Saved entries
-=-=-

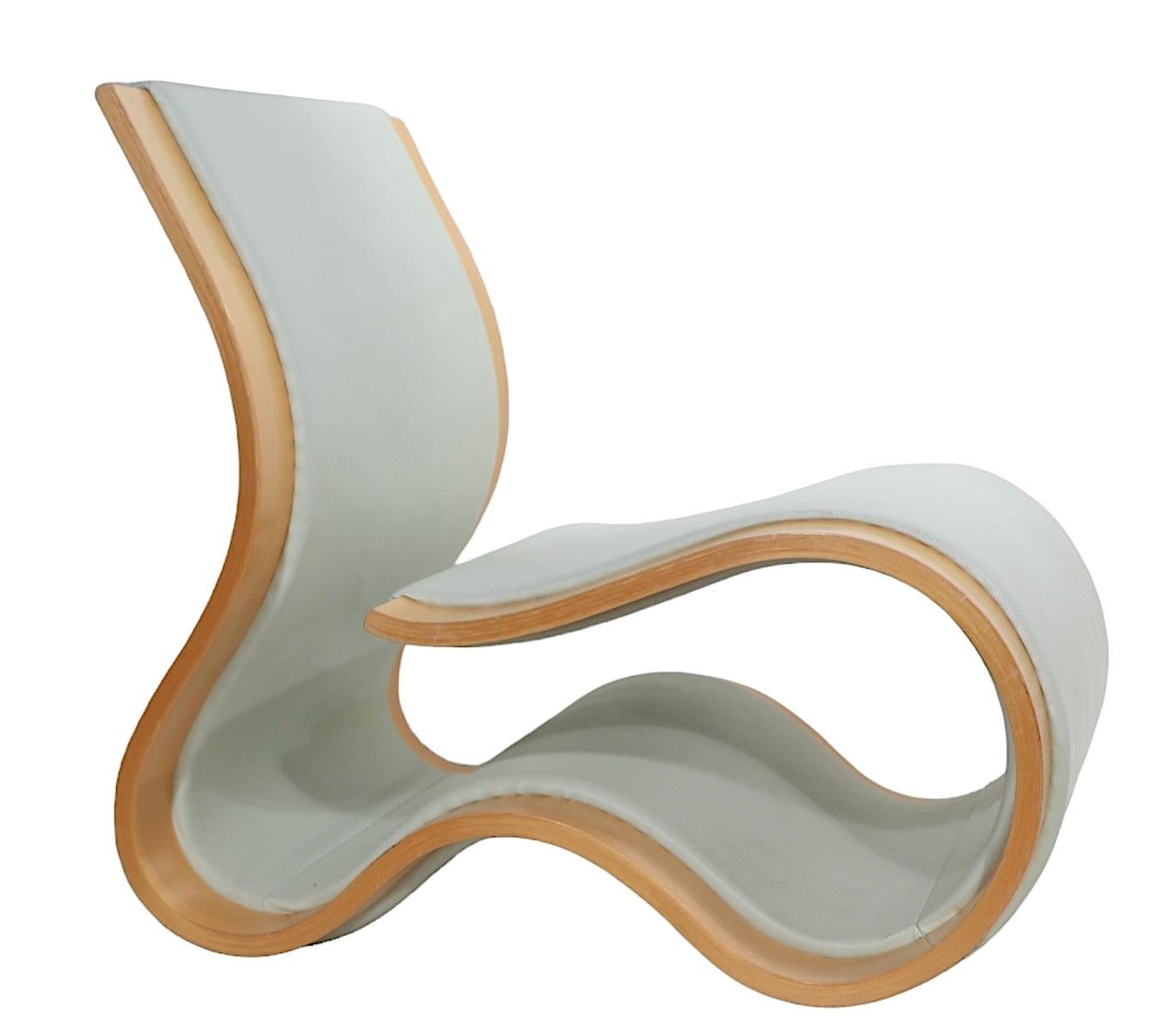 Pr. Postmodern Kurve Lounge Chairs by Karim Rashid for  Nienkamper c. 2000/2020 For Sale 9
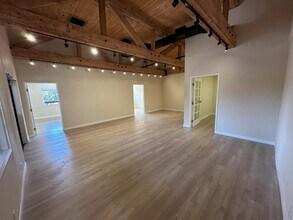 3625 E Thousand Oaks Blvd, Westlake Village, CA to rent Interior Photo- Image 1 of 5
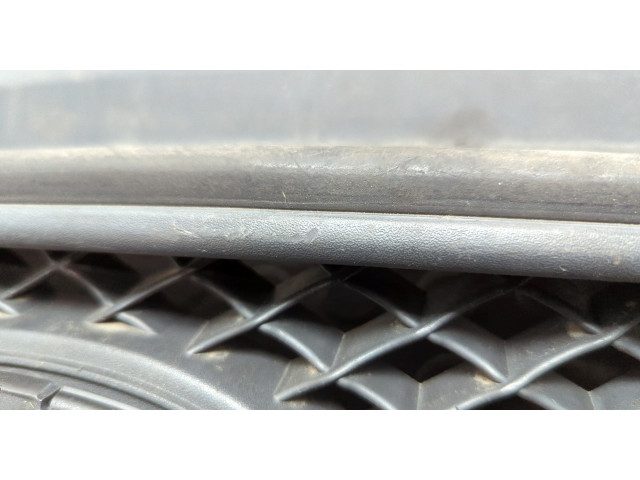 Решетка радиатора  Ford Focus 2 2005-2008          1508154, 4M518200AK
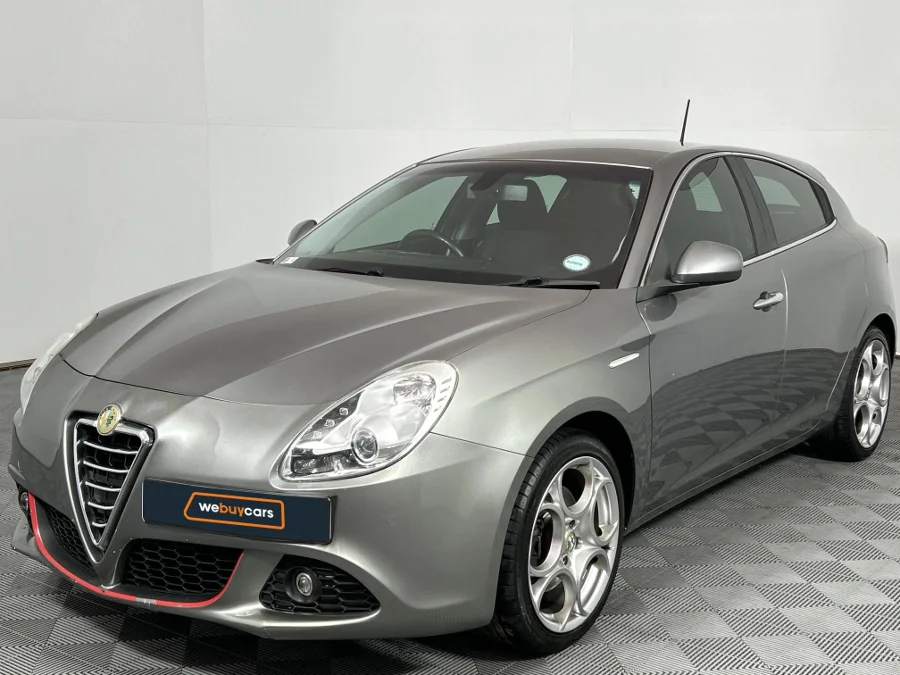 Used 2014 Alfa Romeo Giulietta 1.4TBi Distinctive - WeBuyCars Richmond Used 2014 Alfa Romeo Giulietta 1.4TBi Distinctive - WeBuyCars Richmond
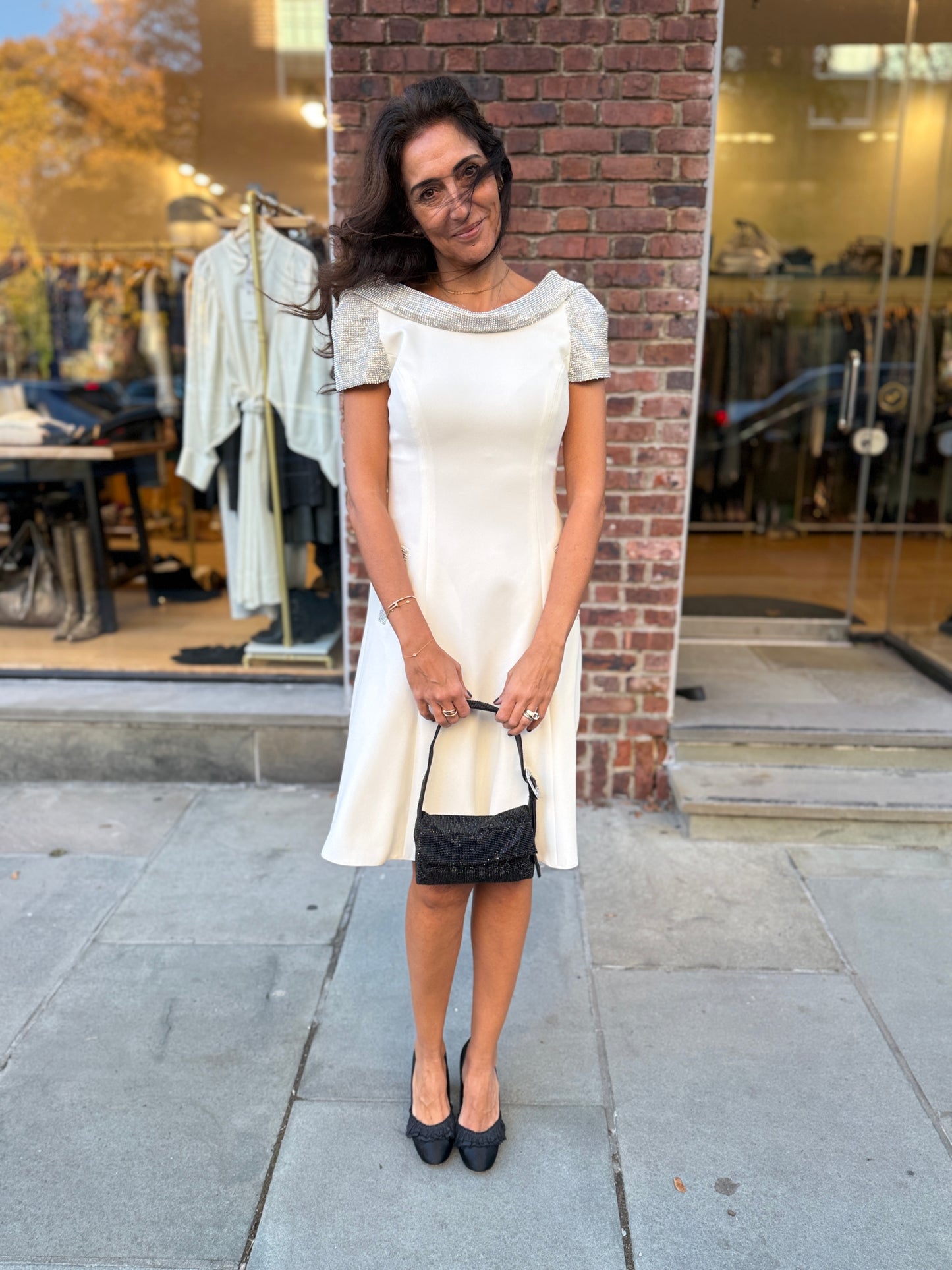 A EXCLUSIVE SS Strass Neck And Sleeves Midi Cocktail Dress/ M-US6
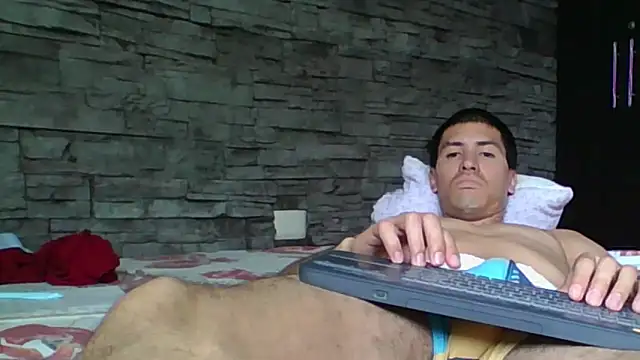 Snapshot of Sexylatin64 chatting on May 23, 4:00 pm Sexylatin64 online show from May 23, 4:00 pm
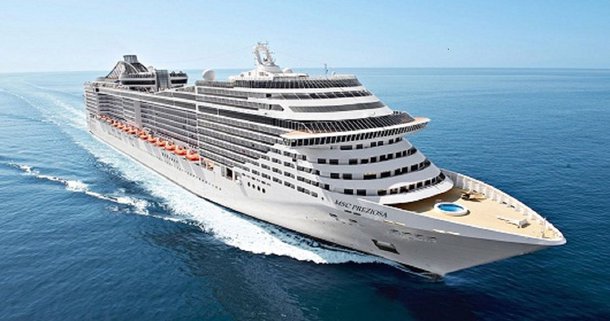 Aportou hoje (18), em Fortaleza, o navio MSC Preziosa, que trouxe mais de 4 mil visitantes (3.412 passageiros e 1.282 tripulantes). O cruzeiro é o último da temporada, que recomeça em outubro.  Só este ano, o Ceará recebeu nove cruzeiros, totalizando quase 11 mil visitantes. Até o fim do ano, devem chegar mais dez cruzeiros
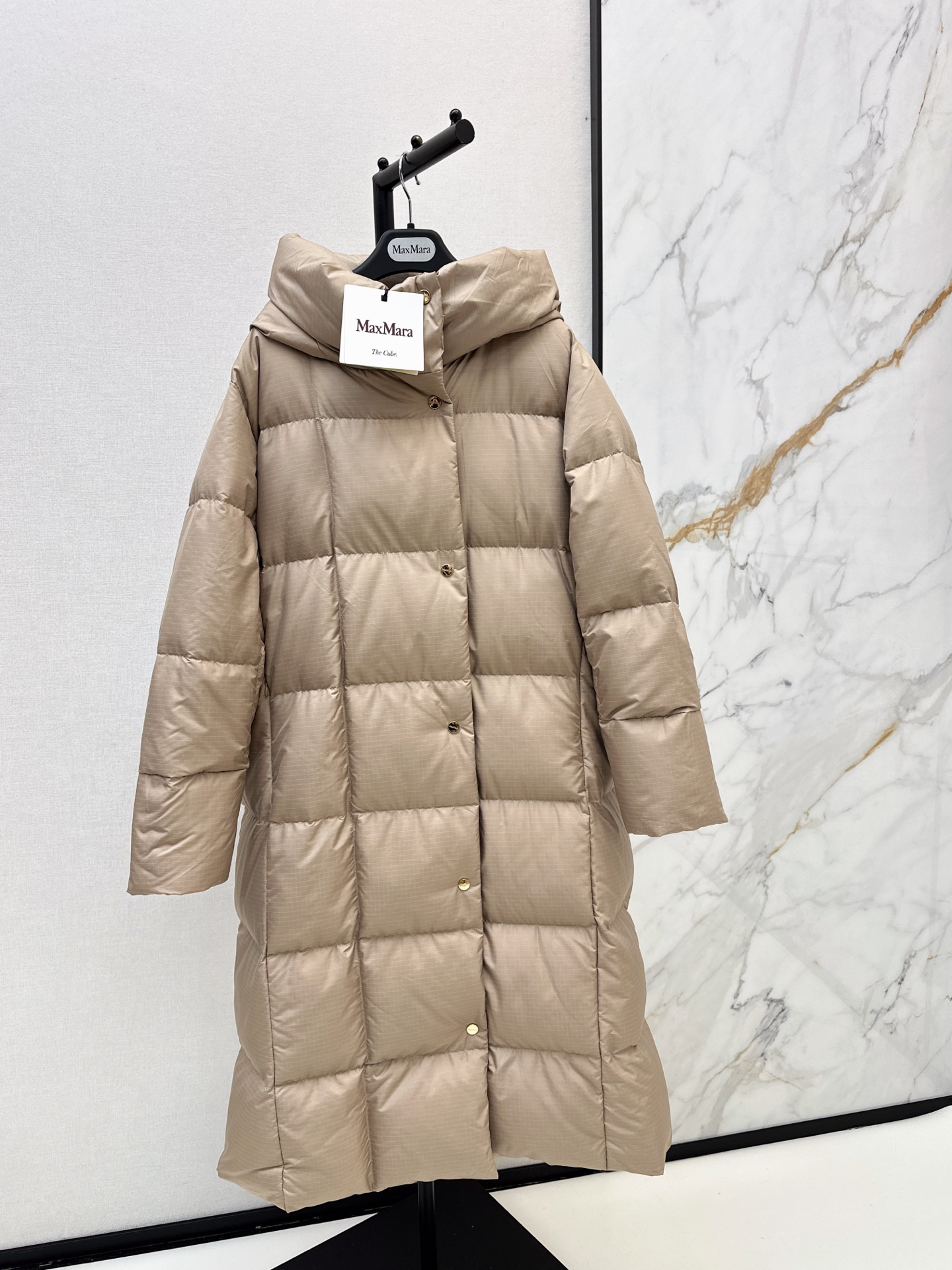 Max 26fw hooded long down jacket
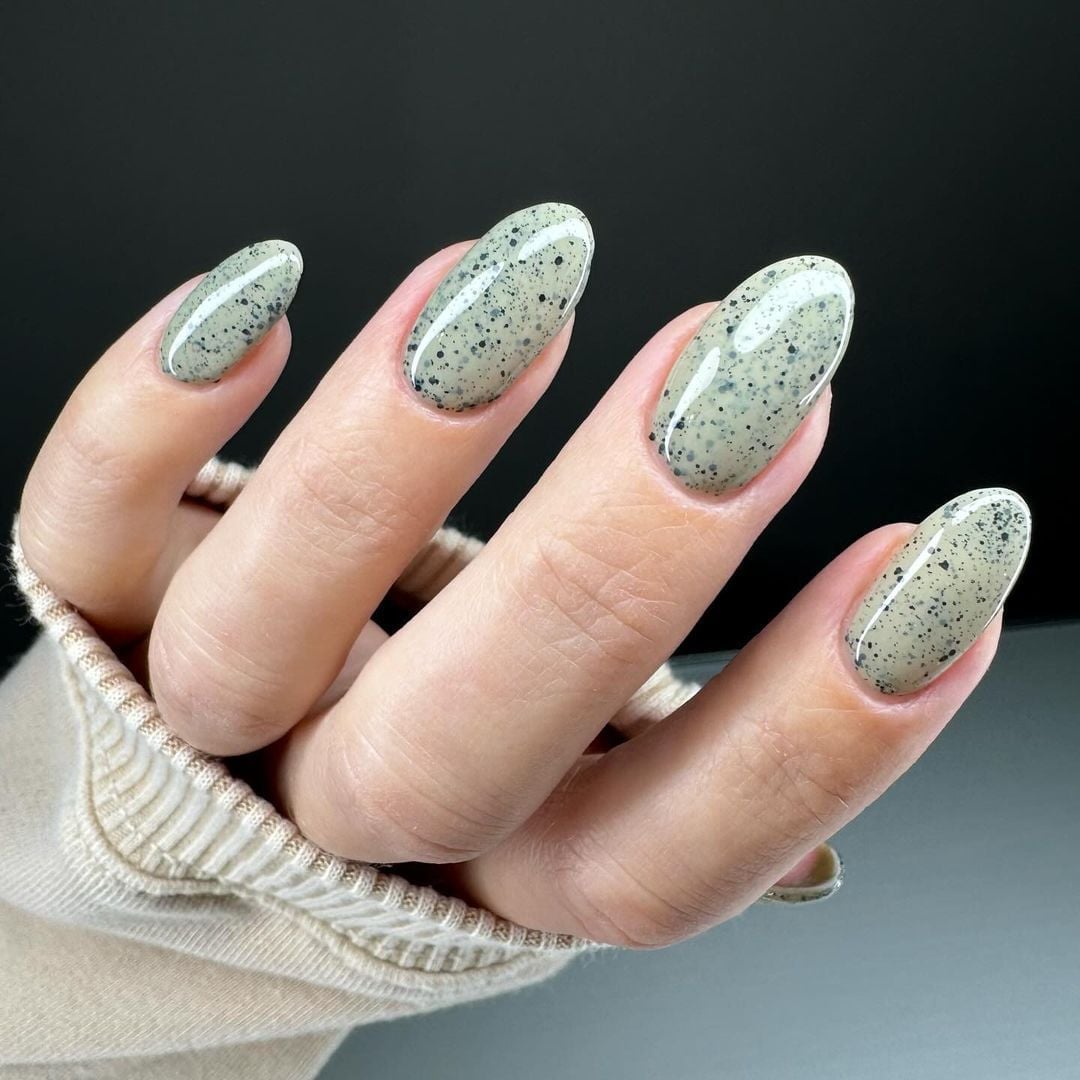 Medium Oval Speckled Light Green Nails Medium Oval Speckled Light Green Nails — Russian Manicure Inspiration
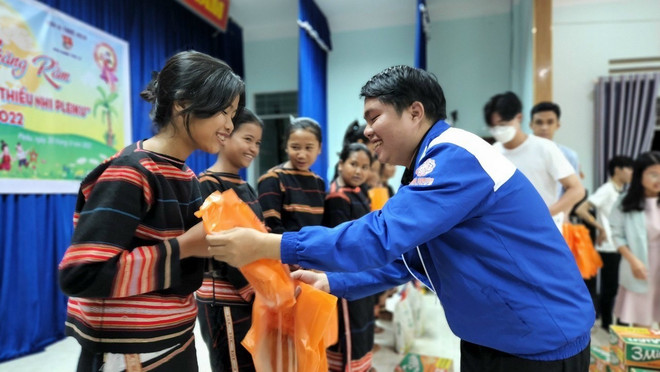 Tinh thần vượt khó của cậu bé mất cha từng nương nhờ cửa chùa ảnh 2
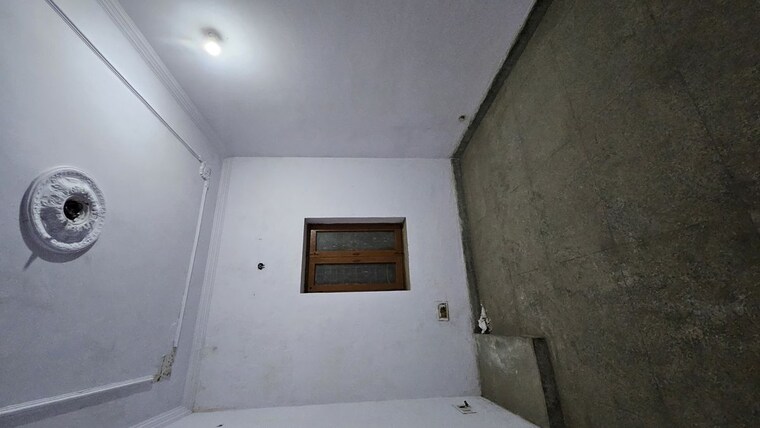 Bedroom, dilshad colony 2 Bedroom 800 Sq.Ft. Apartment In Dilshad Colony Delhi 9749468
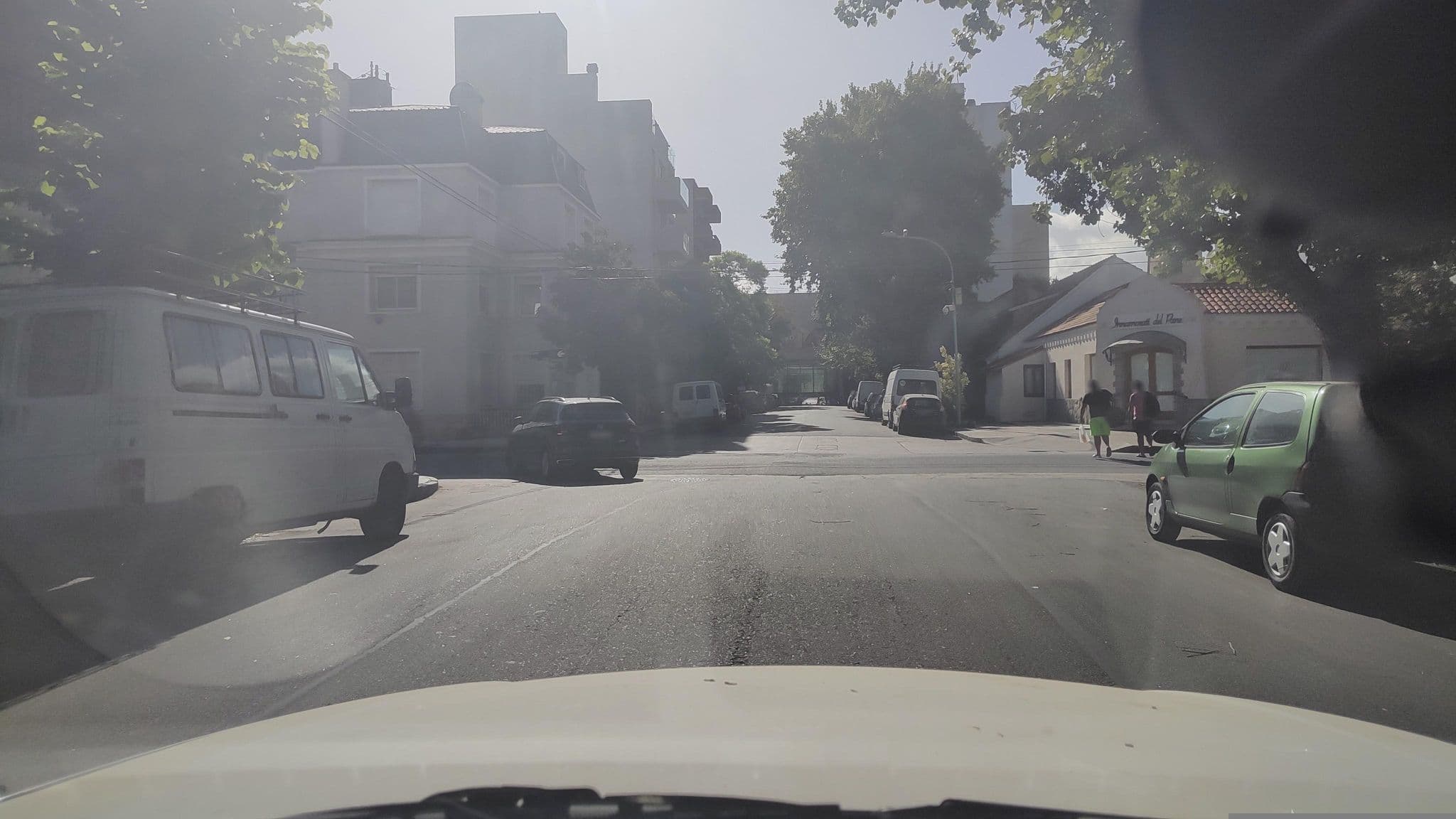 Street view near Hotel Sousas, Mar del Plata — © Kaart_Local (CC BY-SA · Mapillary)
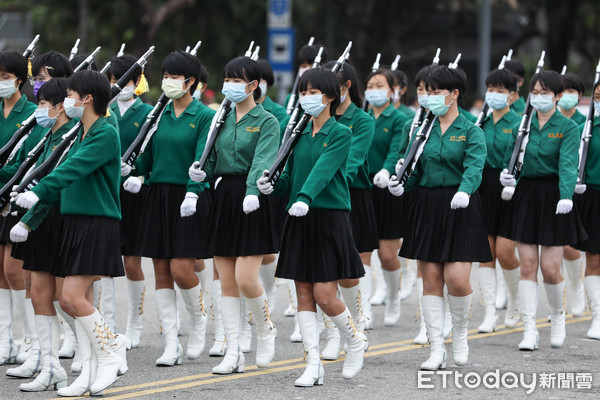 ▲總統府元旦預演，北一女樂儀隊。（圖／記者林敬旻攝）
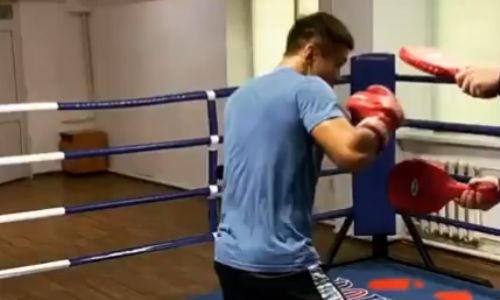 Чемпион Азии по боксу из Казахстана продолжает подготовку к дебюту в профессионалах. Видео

-=-=-

Beginning with the first line of the records, write out every line up to and including the one with "Bedroom, dilshad colony", exactly, and omit all pictures.

Answer below:
 Pr. Postmodern Kurve Lounge Chairs by Karim Rashid for  Nienkamper c. 2000/2020 For Sale 9
 3625 E Thousand Oaks Blvd, Westlake Village, CA to rent Interior Photo- Image 1 of 5
 Решетка радиатора  Ford Focus 2 2005-2008          1508154, 4M518200AK
 Used 2014 Alfa Romeo Giulietta 1.4TBi Distinctive - WeBuyCars Richmond Used 2014 Alfa Romeo Giulietta 1.4TBi Distinctive - WeBuyCars Richmond
 A EXCLUSIVE SS Strass Neck And Sleeves Midi Cocktail Dress/ M-US6
 Snapshot of Sexylatin64 chatting on May 23, 4:00 pm Sexylatin64 online show from May 23, 4:00 pm
 Aportou hoje (18), em Fortaleza, o navio MSC Preziosa, que trouxe mais de 4 mil visitantes (3.412 passageiros e 1.282 tripulantes). O cruzeiro é o último da temporada, que recomeça em outubro.  Só este ano, o Ceará recebeu nove cruzeiros, totalizando quase 11 mil visitantes. Até o fim do ano, devem chegar mais dez cruzeiros
 Max 26fw hooded long down jacket
 Medium Oval Speckled Light Green Nails Medium Oval Speckled Light Green Nails — Russian Manicure Inspiration
 Tinh thần vượt khó của cậu bé mất cha từng nương nhờ cửa chùa ảnh 2
 Bedroom, dilshad colony 2 Bedroom 800 Sq.Ft. Apartment In Dilshad Colony Delhi 9749468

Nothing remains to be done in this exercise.